A presentare l'opposizione è stato il senatore repubblicano Roy Blunt. L'obiezione fa sì che la sessione congiunta del Congresso venga interrotta, con la Camera e il Senato che tornano nelle rispettive aule per una discussione che può durare fino a due ore. Nel corso del processo di ratifica sono attese diverse interruzioni analoghe, almeno per gli Stati di Georgia e Pennsylvania. Anche il palazzo del Congresso della Georgia è sotto assedio. Secondo quanto riferito dai media americani, un gruppo di sostenitori pro-Trump si è radunato nei pressi dell'edificio, costringendo l'evacuazione del segretario di stato Brad Raffensberger e del suo staff.

 

Il senatore repubblicano Ted Cruz, durante la plenaria del Congresso per la certificazione della vittoria di Joe Biden, ha chiesto dieci giorni per permettere a una commissione elettorale di verificare possibili frodi.

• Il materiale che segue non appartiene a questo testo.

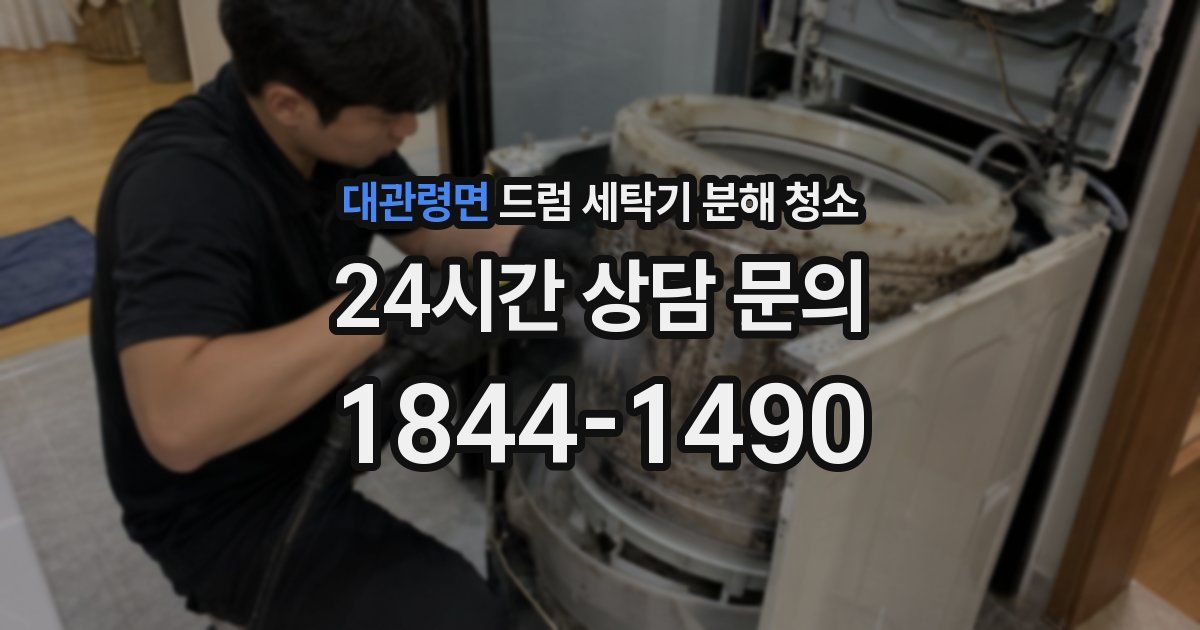 대관령면 드럼 세탁기 분해 청소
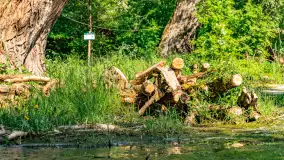 Plaża nad jeziorem Rydzówka pod koniec maja 2024 r. - zdjęcie 6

Cruz ha citato l'esempio delle elezioni del 1876, quando una simile soluzione fu adottata per risolvere la disputa sul risultato del voto, e ha invocato l'Electoral Count Act del 1887 che, ha affermato, "dà al Congresso il potere di determinare se i voti sono stati espressi in modo regolare". Il senatore ha poi lamentato che il Congresso non intende esaminare le "prove" delle presunte frodi. "Il 39% degli americani ritiene che le elezioni siano state truccate", ha detto Cruz, "il Congresso dovrebbe essere un foro imparziale dove valutare le prove".

Lo stesso ha fatto Mitch McConnell, potente leader repubblicano del Senato. "Gli elettori, i tribunali e gli Stati hanno tutti parlato: se decidessimo contro di loro, mineremmo la nostra repubblica per sempre", sarebbe "una spirale mortale", ha detto al Congresso riunito in seduta congiunta, respingendo anch'egli la richiesta di Trump di non certificare la vittoria di Biden.

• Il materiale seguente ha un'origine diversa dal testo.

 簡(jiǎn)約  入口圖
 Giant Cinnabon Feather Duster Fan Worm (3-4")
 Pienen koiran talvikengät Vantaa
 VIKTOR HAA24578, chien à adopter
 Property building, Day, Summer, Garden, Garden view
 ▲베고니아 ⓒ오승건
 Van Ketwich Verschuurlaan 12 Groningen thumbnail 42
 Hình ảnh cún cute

Risulta esserci una donna ferita gravemente da un'arma da fuoco.Attorno alla mezzanotte s'è diffusa la notizia della sua morte.

Nella serata, Biden ha parlato, dicendo che la "democrazia è sotto attacco". "Questi rivoltosi", ha aggiunto, "non rappresentano assolutamente gli Usa, Paese migliore di quello che appare con questa insurrezione". Biden ha chiesto a Trump di andare in Tv e cheidere ai rivoltosi di sgombrare il palazzo permettendo alla democrazia di fare il suo corso.

Donald Trump ha infine lanciato un messaggio: "Elezioni rubate.Ma andate a casa in pace".